Chile se quedó corta en el marcador, pero enseñó un estilo, una idea. Probablemente sea con España la selección con un sello más personal. En su caso se lo ha impuesto Bielsa. Ayer renunció a su osado 3-4-3 con el que obtuvo la clasificación, pero no a la pelota. Menos a las bandas. Sorprendió que jugará sin un nueve. Suazo no está aún en plenitud por los problemas con su hombro y arriba alineó dos extremos y un enganche de toda la vida como Valdivia. Bielsa es un apóstol del fútbol dinámico, de la creación de espacios a través del movimiento. Siempre ha relacionado a sus equipos con el balón desde una agresividad bien entendida. Lo ataca con tres o cuatro jugadores para recuperarlo y luego lo maneja para hacer daño por los costados.

Aléxis Sánchez es el símbolo de ese estilo. Un cohete correpies. Un bajito que serpentea con el balón a toda pastilla. Por derecha mayoritariamente, pero por izquierda también elimina contrarios con suma facilidad. Bendito chupón que cada vez que agarra la pelota le da una patada en el culo a tanto asidero táctico, a tanta alienación de la esencia del fútbol.

El Chico Maravilla del Udinese dribla con descaro. Bailó a Mendoza, su sufrido marcador, en la mayoría de las ocasiones que le encaró. La cabeza alta, el amague y la salida acelerada. Una mixtura de la velocidad de Navas y el juego de pies de Robinho. Un bailarín en moto. Sí, un extremo. Y como tal tiene la querencia de regustarse. Y qué. Es preferible ese narcisismo del regateador que todos los Dungas, Capellos y Mourinhos con su fútbol de tanquetas y todos sus títulos juntos.

España tendrá un duro rival en Chile, que pasó por encima del fútbol físico de los hondureños.
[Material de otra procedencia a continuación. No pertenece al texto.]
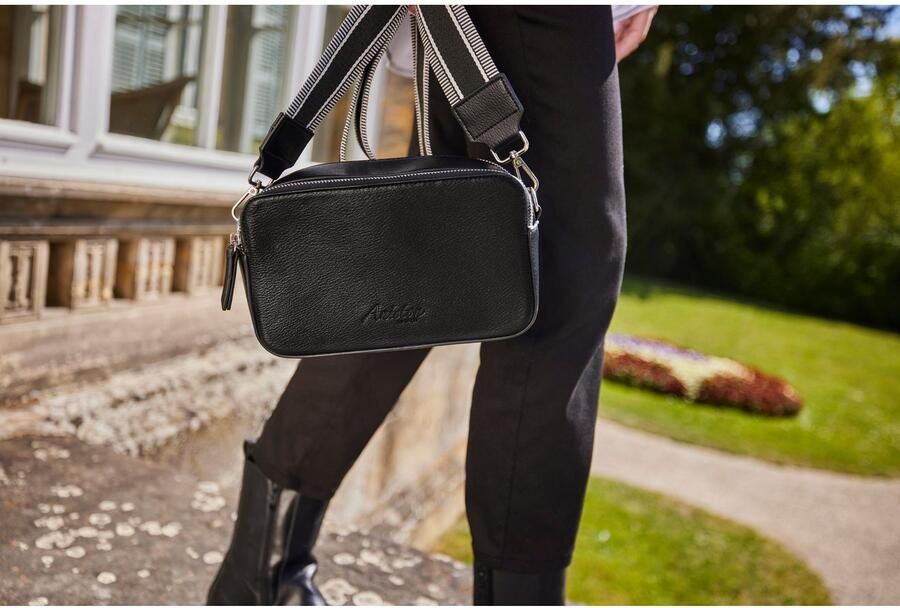 Mustang Schoudertas VERA Handtas citybag draagtas boxbag - Foto 3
Los acomplejó en velocidad desde el inicio. También enseñó toque, aunque siempre con la sexta metida. Eso le hace ser imprecisa en ocasiones. Eso sí, el día que esos toques se cosan puede ser temible. Tiene un mediocentro de salida clarividente como Carmona y a Matías Fernández, que sigue peleando por romper el cascarón. Se le vieron detalles buenos. El pase entrelíneas que generó el gol, por ejemplo. Lo corrió el lateral derecho Isla y su centro lo metió de rebote Beausejour tras el despeje forzado de Mendoza.

Honduras se quedó sin respuestas tras el gol. Siguió corriendo, con Palacios como motor, pero no supo qué hacer con el balón cuando lo recuperaba. Se la vio una selección muy limitada técnicamente. Sin chispa ni ingenio para generar algo diferente que no fuera un ataque a la carrera. Pavón, el veterano delantero centro, deambuló por el campo. Penó con esa silueta de veterano de regional que lo inhabilita para medirse a rivales de altura en una competición como un Mundial.

Honduras padeció mucho. Fue castigada una y otra por la velocidad de Alexis Sánchez. Se dio un empacho de regate. Una bicicleta por aquí, un balanceo de caderas por allá, un extremo gustándose, en definitiva. Un grito futbolero seguro de su regate, envalentonado. Y eso es muy de agradecer en este Mundial que se juega bajo la dictadura de los pizarreros resultadistas.

Honduras: Valladares; Mendoza, Chávez, Figueroa, Izaguirre; W. Palacios, Guevara (Thomas, m 65); Álvarez, Núñez (Martínez, m. 77), Espinoza; y Pavón (Welcome, m 79).

Chile: Bravo; Isla, Medel, Ponce, Vidal (Contreras, m. 81); Millar (Jara, m. 51), Carmona, M Fernández; Á Sánchez, Valdivia (M. González, m. 86) y Beausejour.

Goles: 0-1. M. 33. Matías Fernández da un pase interior a Isla , éste centra desde el lado derecho del área, Mendoza despeja forzado y el balón se cuela tras pegar en Beausejour.

Árbitro: Maillet, de Seychelles. Mostró tarjeta amarilla a W. Palacios, Carmona, y M. Fernández

Mbombela de Nelspruit: 32.666 espectadores.